Y es que la solución de los grandes problemas comunes exige, inevitablemente, dos cosas esenciales: acertar con el diagnóstico -lo que requiere analizar correctamente la realidad- y buscar soluciones que, además de estar basadas en evidencias y no en ocurrencias, no sean “de partido”, en la medida en que se necesitan acuerdos transversales y estables para afrontarlos. Esto último, a su vez, requiere tratar a los ciudadanos como mayores de edad, explicando bien la situación y los posibles conflictos entre los beneficiarios del “statu quo” y los intereses del resto. Ya hablemos de las pensiones o de la educación o del mercado de trabajo o de la brecha generacional sencillamente no es viable ni que el diagnóstico ni que las soluciones puedan venir sólo de una parte de la sociedad o/y de una parte de sus representantes políticos, ignorando o despreciando lo que pueden aportar los demás. Y no es viable porque son problemas muy enquistados y muy complejos, que requieren de mucho conocimiento técnico pero sobre todo de consensos muy amplios no sólo para evitar que el adversario los utilice como arma política sino también porque requieren estabilidad en el tiempo para poder dar sus frutos. El ejemplo de las leyes partidarias de educación, que se modifican con cada cambio de partido en el Gobierno no puede ser más demoledor, puesto que en España tenemos un problema importante en este terreno, ampliamente diagnosticado y evaluado.
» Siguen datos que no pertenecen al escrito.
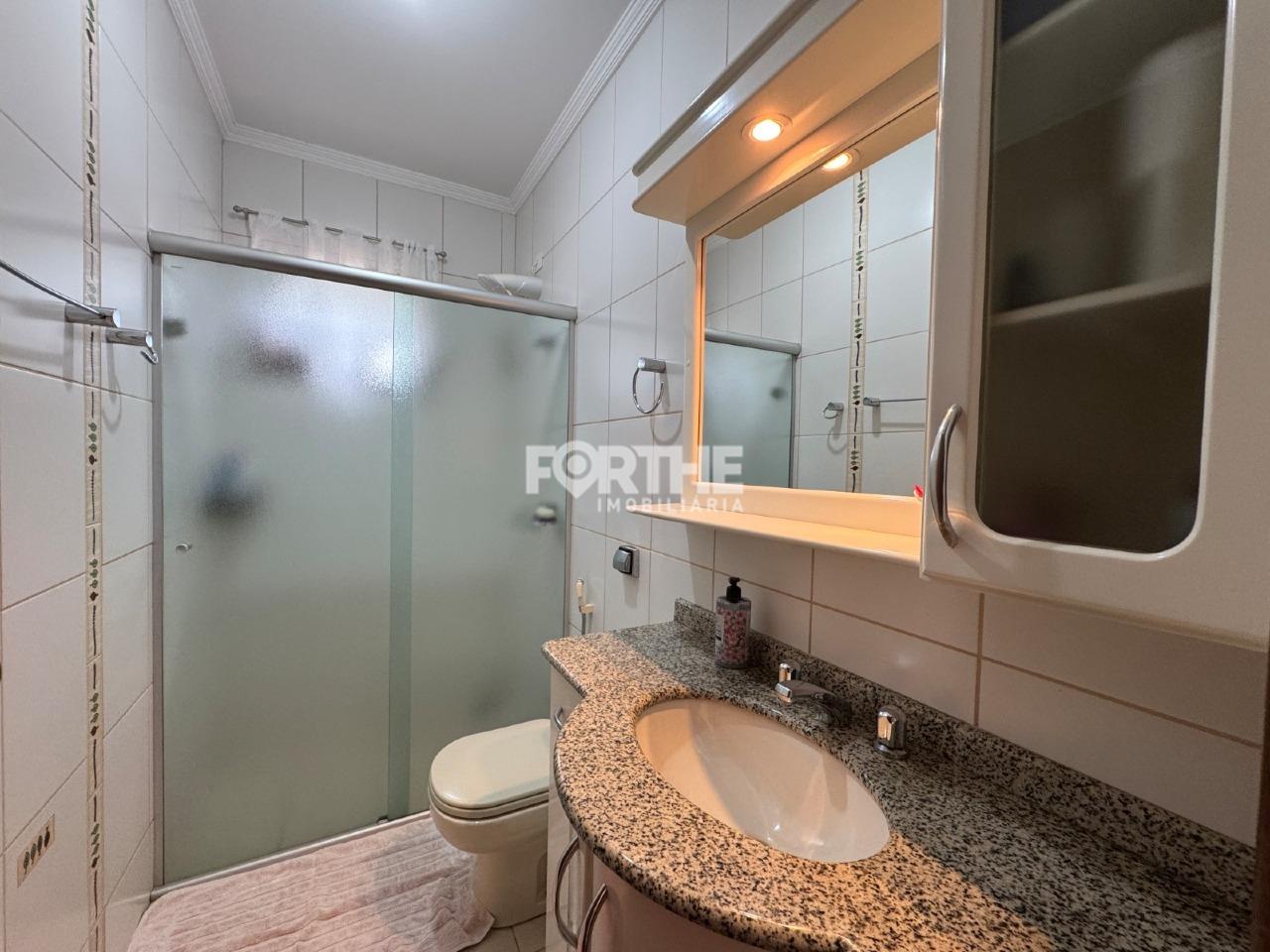 Sobrado em condomínio à venda no Country:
Así, sencillamente, no hay manera de avanzar.

Lo peor de todo, quizás, es que parece que a nuestra clase política no es ya que esta tarea les venga grande sino que parece que no le preocupa o no le interesa demasiado. Incluso que cuando se empiezan a abordar reformas ya inevitables (como las de las Administraciones Públicas a la vista de la jubilación masiva de funcionarios en los próximos años) los ministros responsables son sustituidos por razones de política partidista, sin ninguna consideración no ya por ellos sino por las tareas que estaban desarrollando. La impresión que produce este continuo tejer y destejer es de una enorme frivolidad e inconsistencia y de una ausencia total de visión de futuro que tiende a suplirse con grandilocuentes discursos y declaraciones enfáticas ya que las soluciones reales no llegan. Estos mismos reproches de falta de seriedad y de rigor pueden hacerse a los partidos de la oposición, empezando por el PP. Se trata de una actitud cómoda, infantil y también irresponsable porque los que tienen la capacidad real de transformar la realidad para mejorar la vida de sus conciudadanos parecen haber renunciado a este cometido esencial que va asociado siempre al ejercicio del poder democrático y que, en último término, lo justifica.

Conviene ser conscientes de que si no reconocemos y abordamos de una vez estos problemas estructurales que están condicionando nuestra capacidad como sociedad para enfrentarnos a los enormes retos que nos esperan estamos condenados a una decadencia cierta. Lo más preocupante es que la sociedad española, muy por delante de su clase política, no sea capaz de exigir de una vez que se aborden las asignaturas pendientes.